Input for this task =
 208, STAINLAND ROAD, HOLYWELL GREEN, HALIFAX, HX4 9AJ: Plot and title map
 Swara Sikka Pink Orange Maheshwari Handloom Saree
--
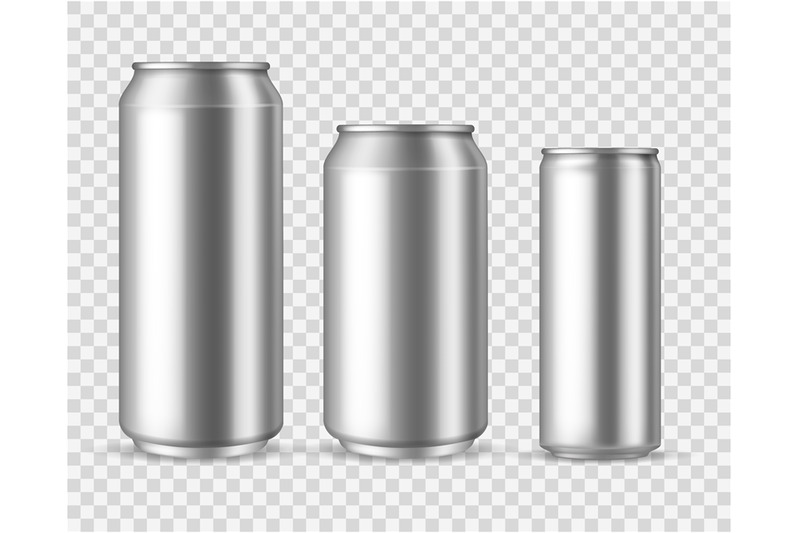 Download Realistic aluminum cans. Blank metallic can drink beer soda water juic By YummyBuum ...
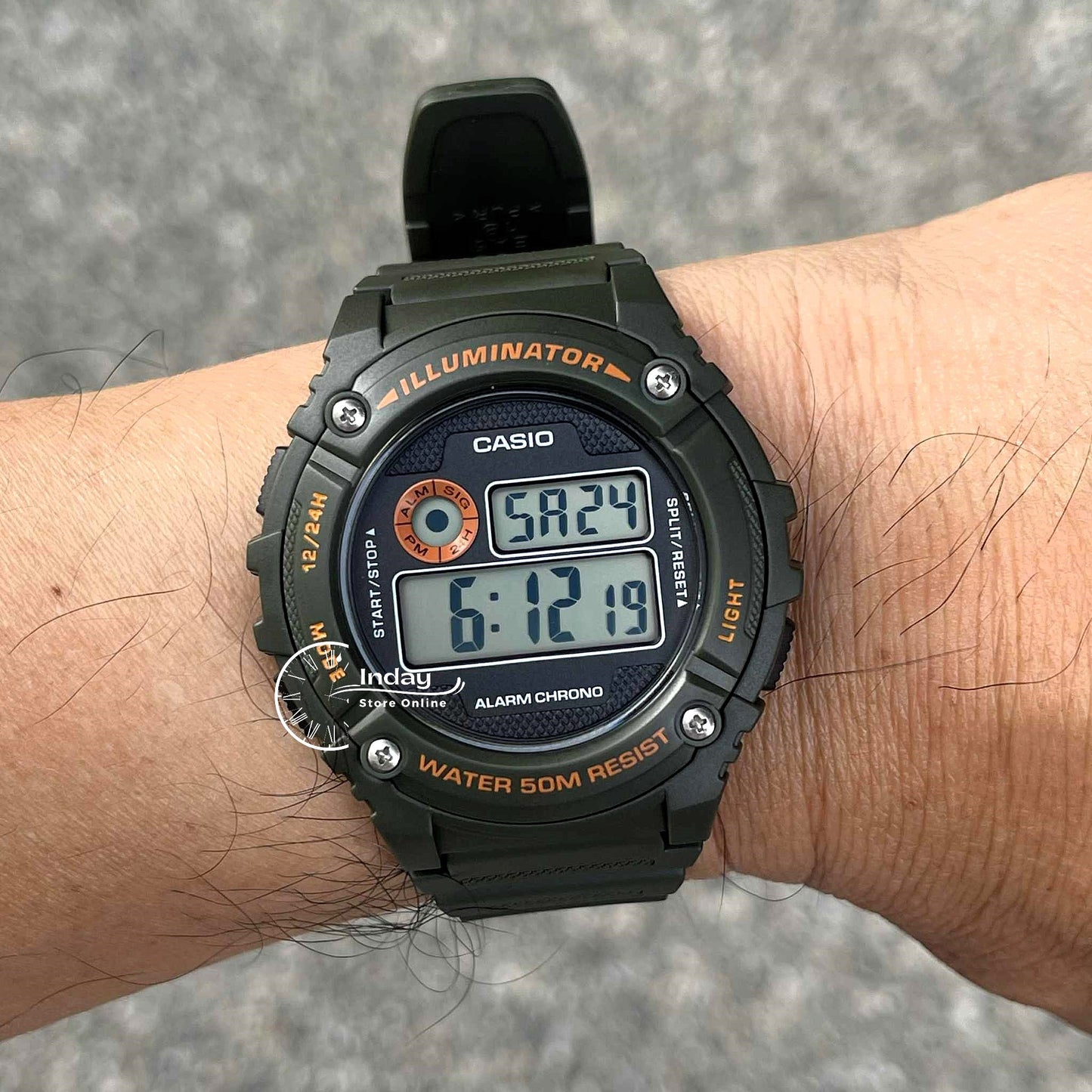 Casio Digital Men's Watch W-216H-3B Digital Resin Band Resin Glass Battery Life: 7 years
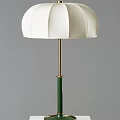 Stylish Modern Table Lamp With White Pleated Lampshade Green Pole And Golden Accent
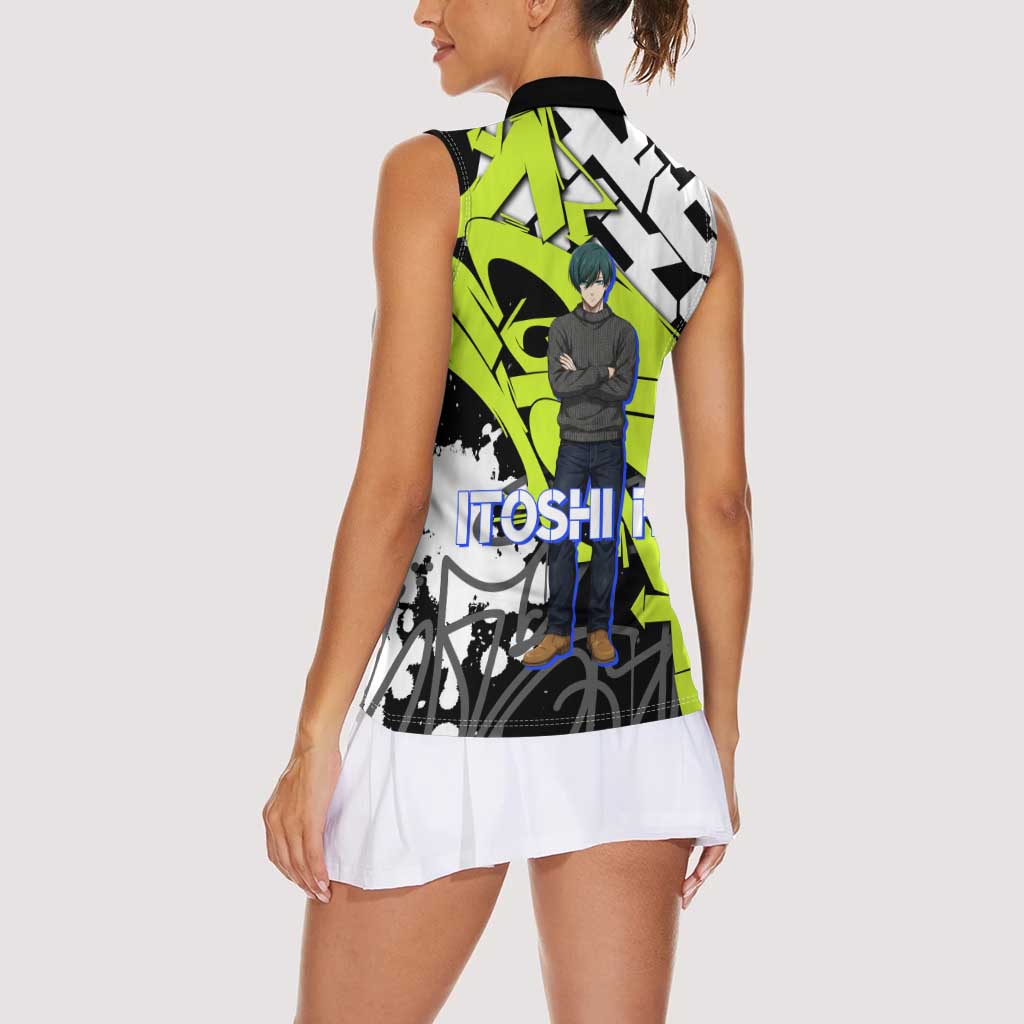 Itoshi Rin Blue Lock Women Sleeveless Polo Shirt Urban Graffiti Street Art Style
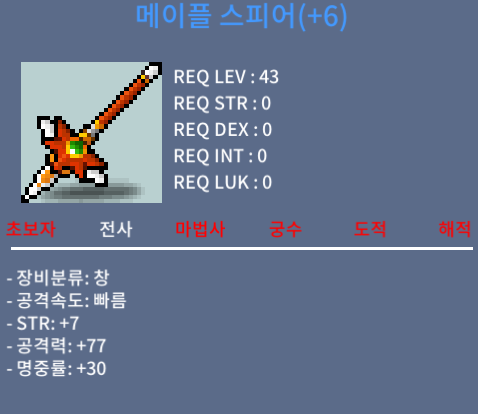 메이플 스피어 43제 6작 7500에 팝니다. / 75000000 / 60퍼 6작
---
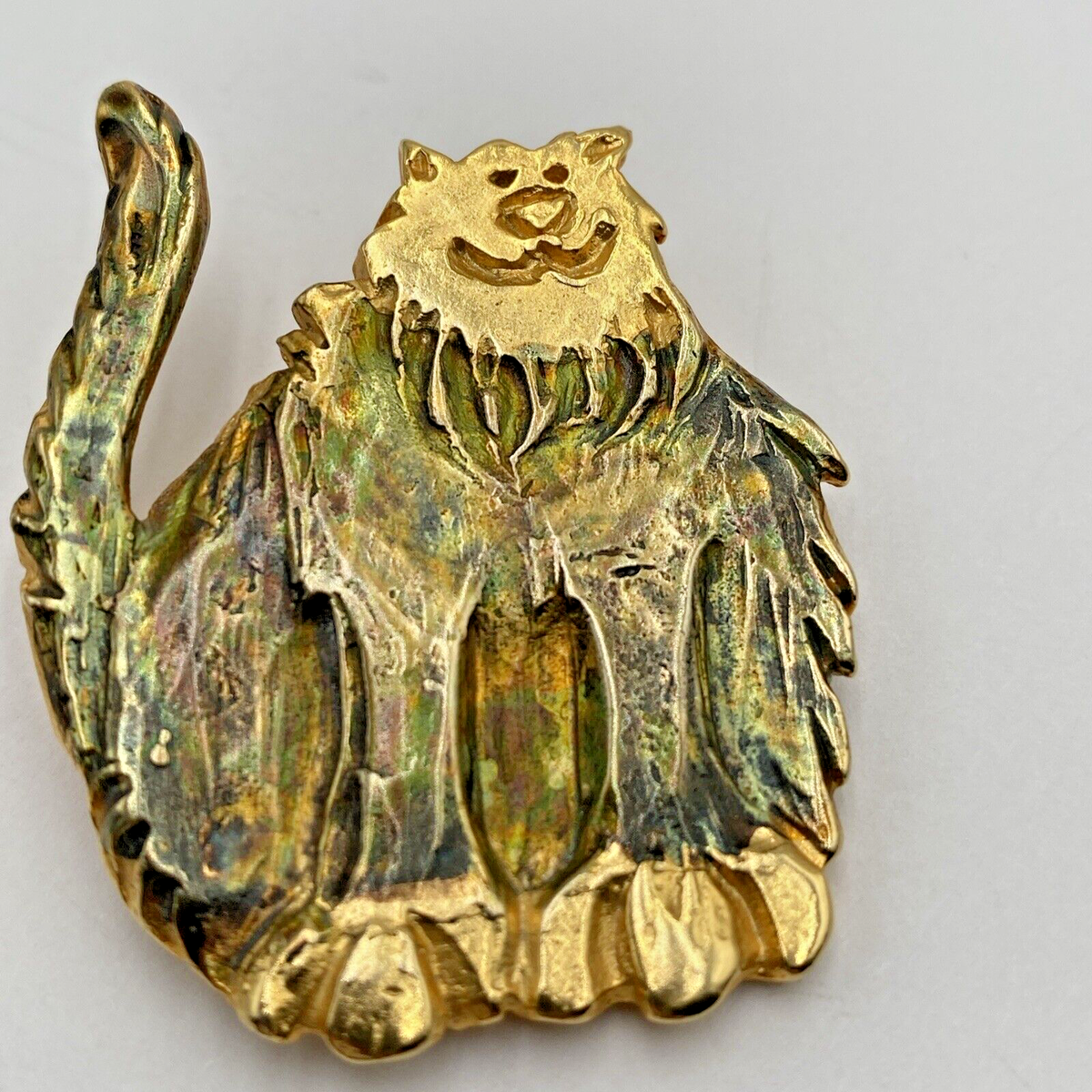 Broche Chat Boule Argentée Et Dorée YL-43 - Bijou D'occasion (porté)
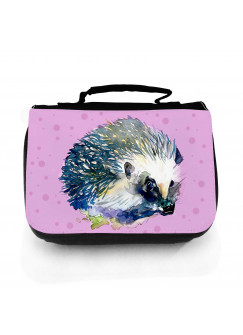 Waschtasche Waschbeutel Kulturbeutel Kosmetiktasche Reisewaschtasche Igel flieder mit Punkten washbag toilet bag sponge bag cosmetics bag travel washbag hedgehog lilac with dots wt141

Prompt = Set down, exactly as written above, each line from the one with "Stylish Modern Table" through the one with "메이플 스피어 43제", and skip the pictures.

Result =
 Stylish Modern Table Lamp With White Pleated Lampshade Green Pole And Golden Accent
 Itoshi Rin Blue Lock Women Sleeveless Polo Shirt Urban Graffiti Street Art Style
 메이플 스피어 43제 6작 7500에 팝니다. / 75000000 / 60퍼 6작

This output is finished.